- The Washington Times - Wednesday, December 15, 2004

ELKRIDGE, Md. (AP) — Farin and Debbie Crone, former Christian missionaries with nine children, were looking forward to spending Christmas in their new home.

The Crones were to settle today on Howard County’s first Habitat for Humanity house, a pale yellow split-level in Columbia. Moving day was set for tomorrow.

But then a fire broke out Monday night, causing extensive charring and smoke and water damage to the interior of the house.

“All my thoughts were focused on us being in there for Christmas,” Mrs. Crone said.

She wept when she heard the news. But on further reflection, the family saw the mishap as a blessing.

“I’m just so thankful for the timing,” she said. “It’s a blessing in itself because a week later, we would have been in the house.”

No one was injured, and no personal property was lost in the fire. County fire investigators have not determined a cause.

The fire, discovered by Habitat volunteer Mark Webster just after dark Monday, set back three years of planning and more than eight months of construction by volunteers from the faith-based housing group. Repairs are likely to take at least three months.

Completing the house was a milestone for the group in a county where the median price of a house is $395,000 and affordable lots are hard to find.

“I really felt for the Habitat people” after all the work they had put into the project, Mrs. Crone told the Baltimore Sun.

No one in the family has seen the damage to the house.

Mrs. Crone, who home-schools her children, said that although she broke down when she got initial word of the fire on Monday night from Habitat Chairman Bob Warner, she quickly recovered. Her husband never faltered, she said, and the children proved even more resilient.

“I just think his faith is a lot stronger than mine,” she said. Her husband believes, she said, that “God’s in control of everything — and this, too.”

The children remain confident, she said, because they know they will get to move into the new house — just not as soon as they had hoped.

Karis, 13, the Crones’ eldest daughter, told her younger sisters, “Well, this just means we have longer to get closer as sisters,” Mrs. Crone said.

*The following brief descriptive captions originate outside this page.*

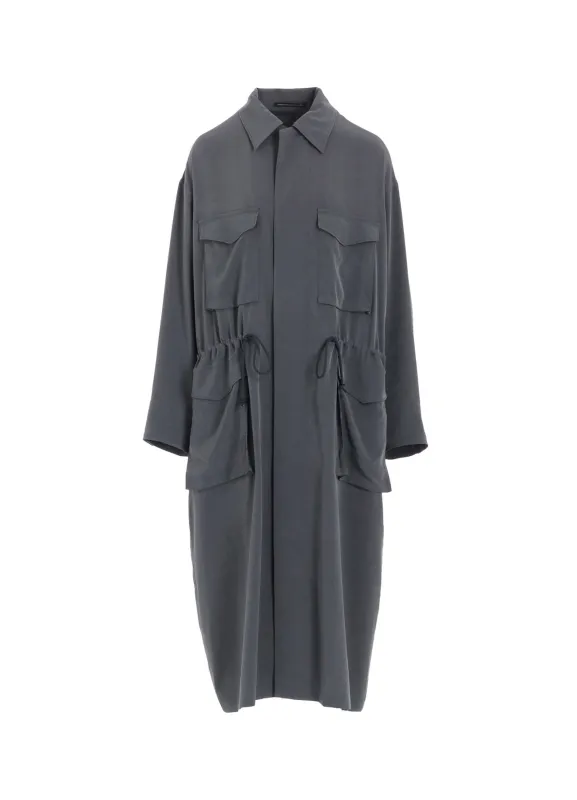 CREPE de CHINE 4-POCKET LONG DRESS made by Yohji Yamamoto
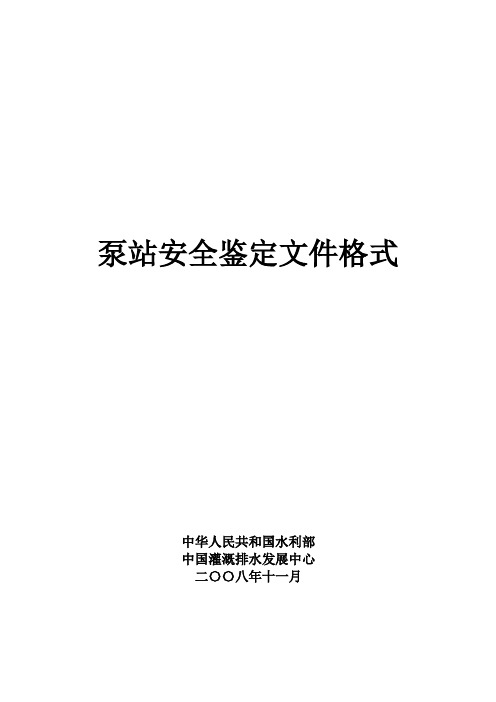 泵站安全鉴定文件格式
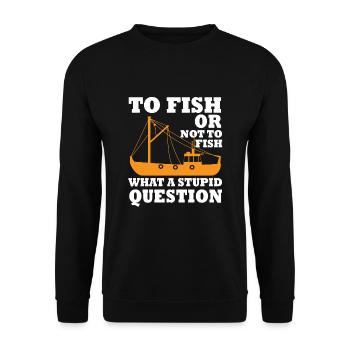 Fischkutter Fischen - Unisex Pullover - Schwarz - Vorne - Alina (178cm) & Michal (187cm)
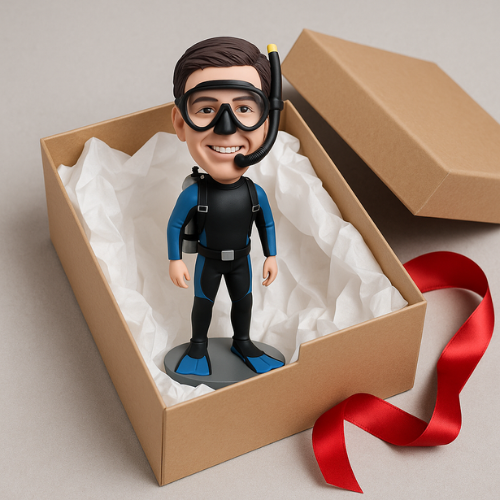 Custom Bobble Head Mini Figurine Scuba Diver Customized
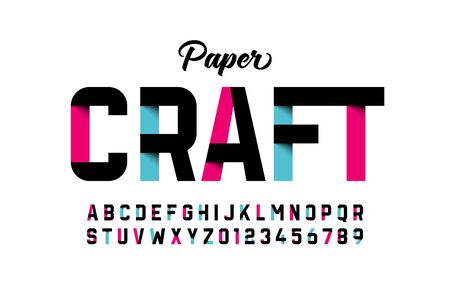 Paper craft style font design, paper folding alphabet letters and numbersのイラスト素材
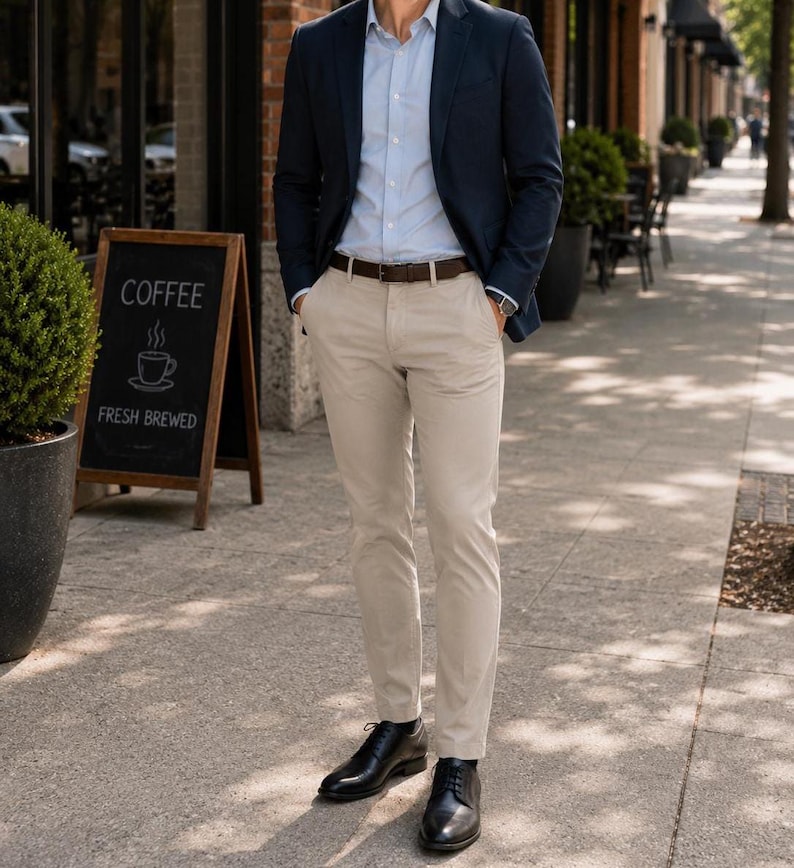 May include: A navy blue blazer, light blue button-down shirt, and khaki pants. The outfit is paired with a brown belt and black dress shoes. A sign in the background reads "COFFEE FRESH BREWED".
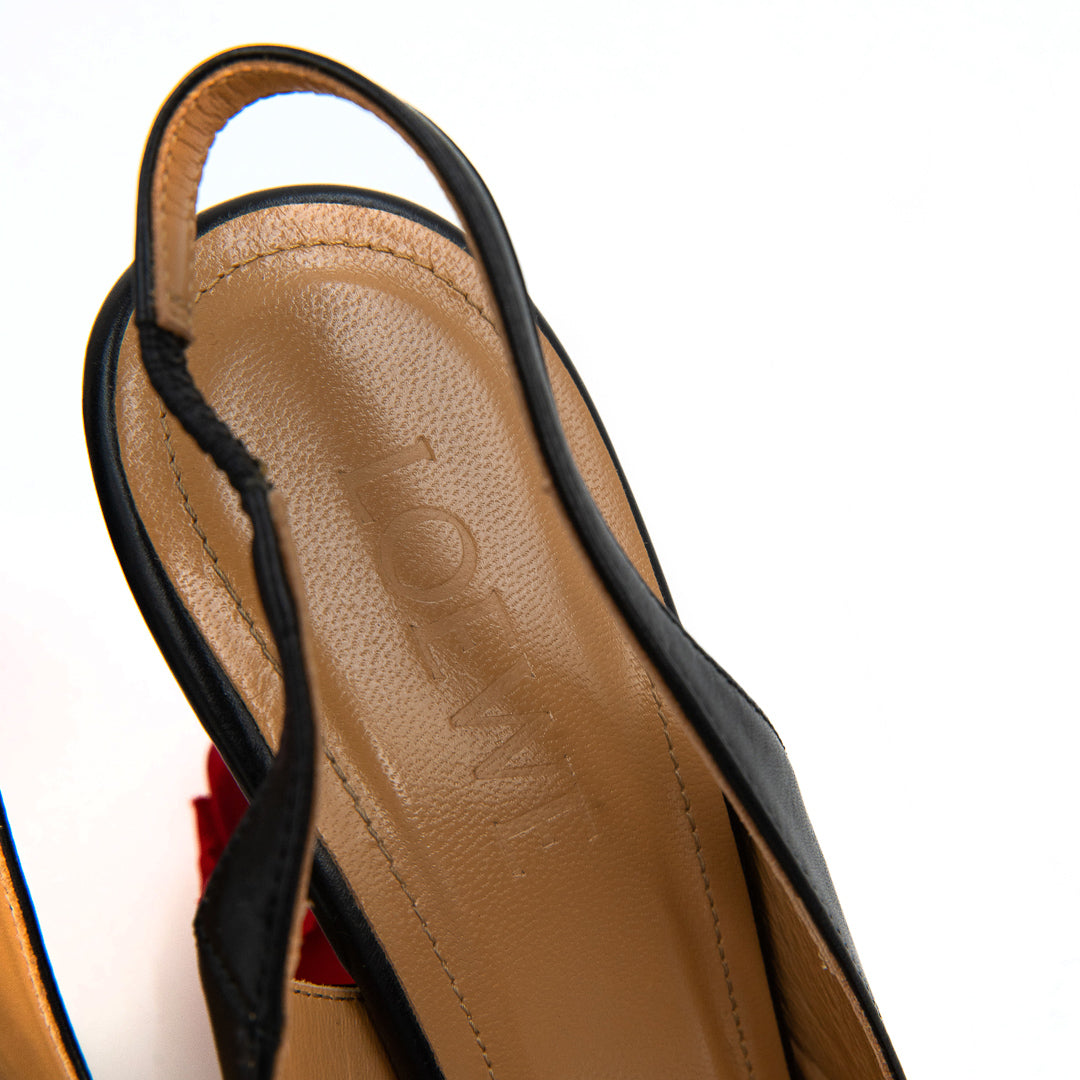 Loewe Rose Heeled Slingback Pumps in Black Leather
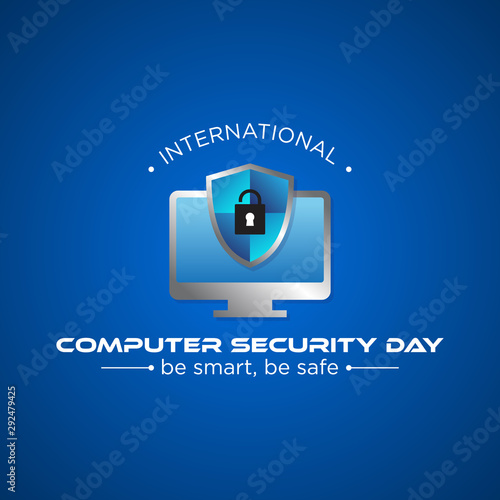 Computer Security Day letter emblem in modern style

Their five daughters share one bedroom.

Friends threw the family a house shower on Sunday at St. John’s Episcopal Church in Ellicott City, and the children received gift certificates that they used to buy bedding and items for their rooms — all of which will go into storage in a friend’s basement.

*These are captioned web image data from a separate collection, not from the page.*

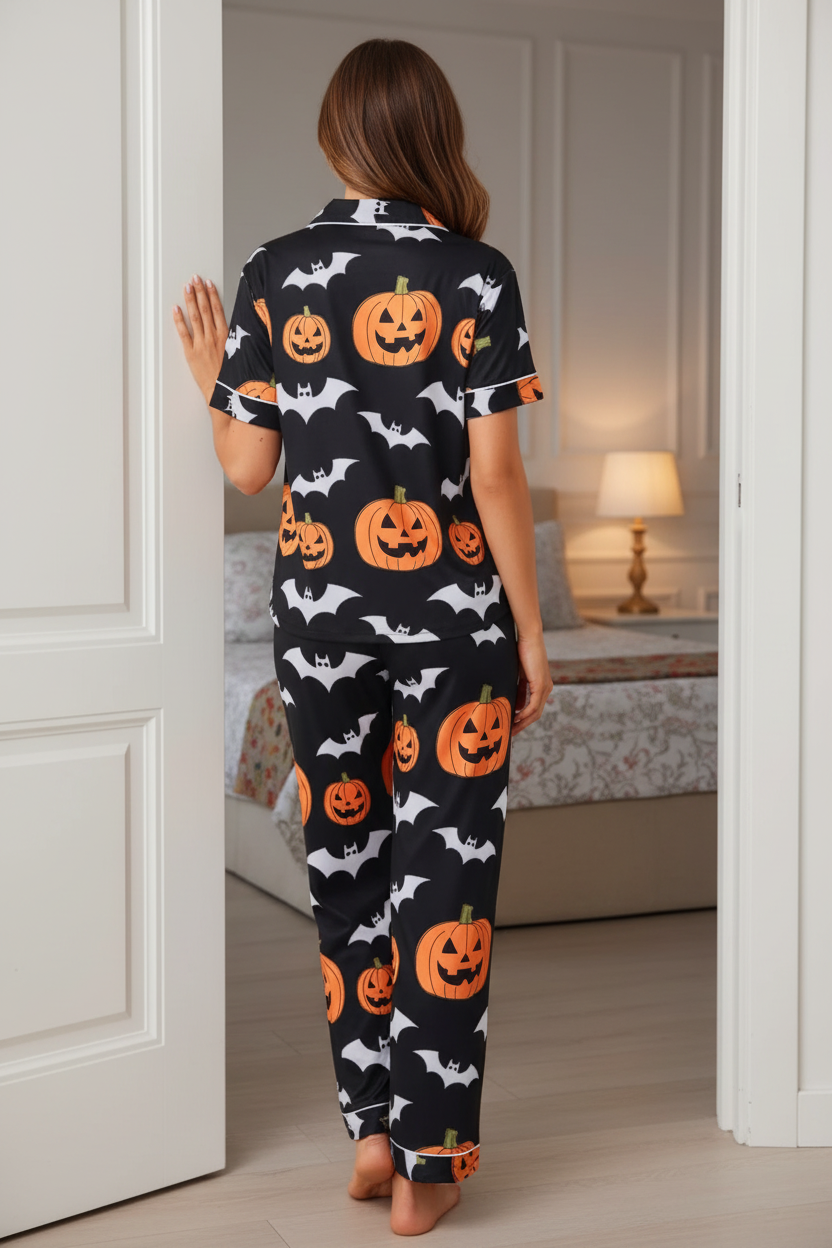 Spooky Pumpkin Bat Button-Down Short Sleeve Halloween Pajama Pants Loungewear Set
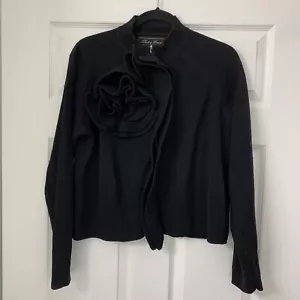 TERRY LEWIS CLASSIC LUXURIES WOMEN'S LONG SLEEVE ZIPPER RUFFLED SWEATER - LARGE - Picture 1 of 9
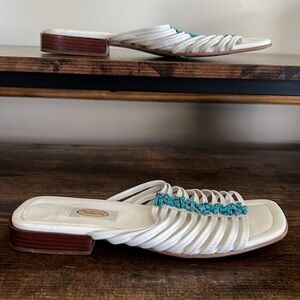 Talbots Winnie white multi strap square toe‎ turquoise stone sandals women's 8.5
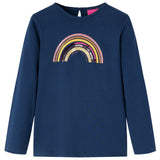 VidaXL Kindershirt mit langen Ärmeln 104 Marineblau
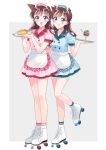  2girls :d :q apron arch_lapin blue_dress blue_eyes brown_hair character_name commentary cross-laced_footwear cursive double_horizontal_stripe dress eyebrows_visible_through_hair food frilled_apron frilled_dress frills full_body glass grey_background highres holding holding_tray ice_cream looking_at_viewer magic_kaito maid_headdress meitantei_conan messy_hair mouri_ran multiple_girls nakamori_aoko open_mouth outside_border pie pink_dress roller_skates series_connection short_dress short_sleeves side-by-side skates smile socks spoon standing standing_on_one_leg sundae tongue tongue_out tray violet_eyes waist_apron waitress white_apron white_footwear white_legwear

The new house has four bedrooms and a bathroom for the children on the ground floor, and a master bedroom, bath, kitchen and dining area, and living room on the top level. The two older boys and the two younger ones will share bedrooms, while the two older girls and the three younger also will share bedrooms.

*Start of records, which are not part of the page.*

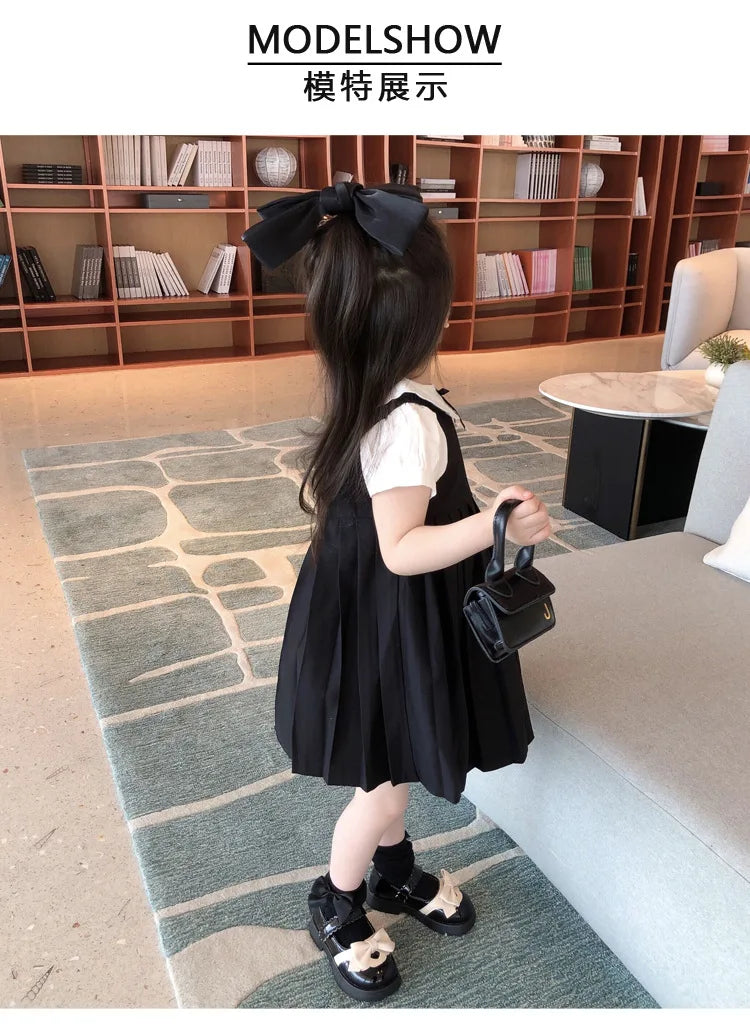 Girls Pleated Dress Kids Japanese Korean Preppy Style Princess Doll Collar Dresses Baby Dress Primary School Uniforms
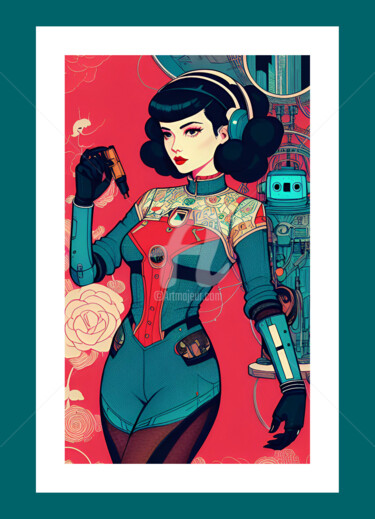 Digital Arts titled "Robot Woman 927" by Paco Fuente, Original Artwork, Photo Montage
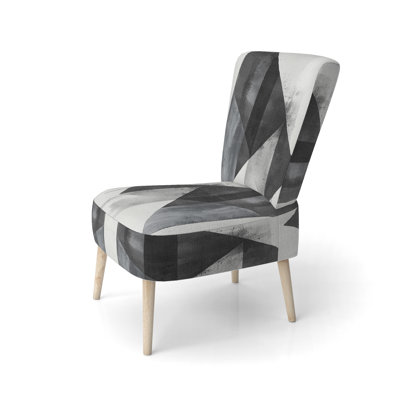 Abstract Shapes Upholstered Chair - Geometric Monochrome Angles I Side Chair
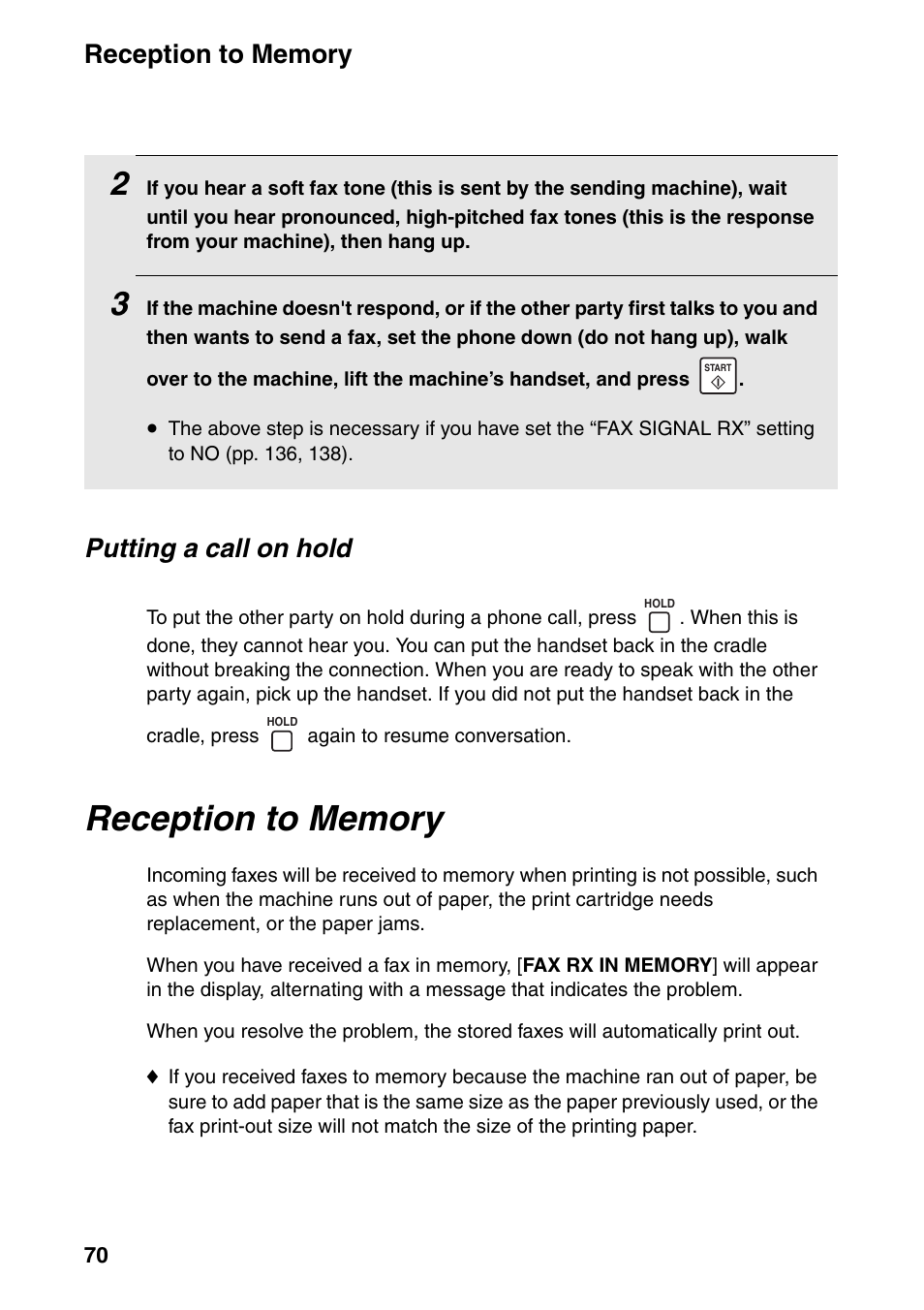 Reception to memory, Putting a call on hold | Sharp FO-IS125N User Manual | Page 72 / 179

Now that they know they are staying for a while, the Crones are preparing their Elkridge duplex for Christmas, using decorations that they had hoped to put up in their new home.

Mr. Warner said it likely would take at least three months to rip out damaged walls, waterlogged carpets and burned kitchen cabinets and appliances and replace them.

“We’re devastated. We had set ourselves a goal to be able to have this family able to spend Christmas in their new home. That was our driving force,” Mr. Warner said.